Sunday 16 February 2014

Can anybody find me somebody to love?!



I totally believe that all that bollucks about not being someone til someone loves you is crazy. I absolutely think that you should be able to rely on yourself completely and not need anyone else to make you happy. And I adamantly declare that being in an unhealthy and unhappy relationship is far, far worse than being single. I am by all accounts one of those new-aged women who will preach the values of being independent til my throat is sore and dry (and not from the smoking or drinking for once). But now I’m going to say something that as a modern, empowered woman you are not supposed to say. I just want someone to take care of me. 

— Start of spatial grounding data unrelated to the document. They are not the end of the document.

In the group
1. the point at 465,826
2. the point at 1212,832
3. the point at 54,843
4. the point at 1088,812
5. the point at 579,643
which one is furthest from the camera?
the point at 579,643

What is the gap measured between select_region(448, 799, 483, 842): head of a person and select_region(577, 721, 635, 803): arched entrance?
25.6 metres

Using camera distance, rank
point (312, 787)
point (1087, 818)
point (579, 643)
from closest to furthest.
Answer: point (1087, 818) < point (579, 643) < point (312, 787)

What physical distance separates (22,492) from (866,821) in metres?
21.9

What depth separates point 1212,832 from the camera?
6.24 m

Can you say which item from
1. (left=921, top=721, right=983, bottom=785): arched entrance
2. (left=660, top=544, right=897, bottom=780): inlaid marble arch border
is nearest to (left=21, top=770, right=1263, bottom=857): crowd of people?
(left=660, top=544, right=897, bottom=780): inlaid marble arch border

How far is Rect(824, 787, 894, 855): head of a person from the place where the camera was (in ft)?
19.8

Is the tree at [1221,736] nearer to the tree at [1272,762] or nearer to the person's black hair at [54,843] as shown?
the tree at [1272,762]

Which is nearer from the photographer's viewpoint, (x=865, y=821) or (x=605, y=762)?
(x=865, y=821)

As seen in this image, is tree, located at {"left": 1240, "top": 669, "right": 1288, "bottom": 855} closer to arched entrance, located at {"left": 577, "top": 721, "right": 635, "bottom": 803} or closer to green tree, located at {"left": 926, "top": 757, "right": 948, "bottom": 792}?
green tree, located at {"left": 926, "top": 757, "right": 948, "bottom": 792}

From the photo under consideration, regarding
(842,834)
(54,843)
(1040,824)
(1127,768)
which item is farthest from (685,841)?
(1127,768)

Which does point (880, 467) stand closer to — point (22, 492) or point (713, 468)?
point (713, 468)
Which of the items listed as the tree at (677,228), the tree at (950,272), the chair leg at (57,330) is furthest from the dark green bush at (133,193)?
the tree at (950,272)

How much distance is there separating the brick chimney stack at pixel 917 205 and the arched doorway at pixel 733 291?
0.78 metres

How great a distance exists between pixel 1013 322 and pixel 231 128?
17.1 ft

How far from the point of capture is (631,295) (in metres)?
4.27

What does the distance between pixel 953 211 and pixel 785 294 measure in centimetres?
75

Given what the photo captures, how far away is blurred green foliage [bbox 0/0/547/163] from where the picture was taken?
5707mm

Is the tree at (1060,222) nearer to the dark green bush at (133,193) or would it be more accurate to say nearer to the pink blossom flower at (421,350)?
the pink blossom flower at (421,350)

But before you grab your baseball bats and broken beer bottles, please hear me out. I’m not saying I want someone to come in and take control of my entire life and keep me from having to ever make a decision ever again, what I’m saying is that right now I’m craving some TLC. Just for a day or so I would welcome the warmth and security a partner would bring. Because life can be a little daunting sometimes, or in my case and due to the extreme levels of anxiety I am riding day after day, life can be daunting all the time. But mostly it’s controllable; I’ve worked out a way to talk myself off the ledge when things get tough. Although that’s always a pretty confusing conversation, about half way through I lose track of which one of me is the saner one, and then start trying to ‘out sane’ them both, which leads to a complex discussion on what ‘sane’ actually means. But in the back and forth of it all, the original problem is forgotten and I’m able to move on to more important tasks like writing swear words in Spanish on the fridge. Badda-bing-badda-boom! Crisis averted!

I think it’s a combination of being out every night for 3 nights in a row, lack of sleep caused by said going out and some rather confusing employment twists and turns this week, the fact that my bestie has started to spiral and doesn’t seem to want to help herself out, and all the usual things in life that confuse and depress me. I’m just tired. Really tired. It’s only times like these (and when I go to a concert and see all the smoochy, happy couples singing along on each other’s shoulders) that I think I want a relationship again. I’ve had some doozies of disastrous affairs, and I can’t honestly say that any of them were healthy for me, but there are definitely elements of each of them that I miss. Yes, even the most heinous of relationships, the ones that cause me to shudder and shake at the thought of them, even they had their moments. And the thing I miss most is the way that when I was really fragile and run down, there was one who’d make me smile again and then wrap me up in a hug that felt like an electric blanket set to medium encasing my body. It was just the right amount of warmth without suffocating me, and it made me feel momentarily like things would maybe be okay, and it worked like a shot of espresso to rejuvenate me temporarily, therefore giving me the strength to keep on trucking. I hate to say it but it’s just not the kind of hug you can get from a friend or family member. A hug from ol Smithy (mum) goes a long way towards it, but unfortunately it falls just short of that perfect embrace.

The good news for me is that this will certainly pass soon, once I get a proper night’s sleep (meaning more than 2 hours) and have a chance to breathe again. And honestly with the way my friend’s relationships are panning out lately, I’m not jonesing to go out and get me a lover any time soon. It seems like the most miserable people that I know right now are the ones in unhealthy, unhappy and completely wrong relationships. I get that being single is darn scary. I get that loneliness is not something any sane person would opt for, but sometimes it’s more lonely being in a relationship than it is being out of one. But I can’t make people see that, and I can’t get involved. Apparently I ‘can’t even understand’. Of course that’s ludicrous. Is the reason I can’t understand because I’ve never been in a relationship? Cos guess what, I have. Is it because I’ve never been in a difficult relationship that keeps me from understanding? Cos again, I have… plenty of times. Is the reason for my lack of identification that I haven’t been with someone who is emotionally, verbally or physically abusive? I hate to sound like a broken record here kid but… you know what?! I have. It’s not easy, I know. Love doesn’t just disappear when things get rocky, but in the grand scheme of things, how much pain are we willing to endure before we go ‘that’s it now. I’m nothing but scar tissue and open wounds. I think I need to stop this’. 

That being said, I’m truly sympathetic towards those people today who just can’t seem to break free from what really isn’t right. Because I know that a good spooning is not something to sneeze at. And I know that for today… and just for today… I’d give a lot to have that for myself. But much like the life span of milk, this pathetic emotion will soon curdle and I’ll throw it out with the rotting veggies I never got around to eating. And then I’ll go get some fish and chips, throw on some old school Pixies, write angry letters to food companies in hopes of getting sent some free samples, and then all will be right with the world yet again.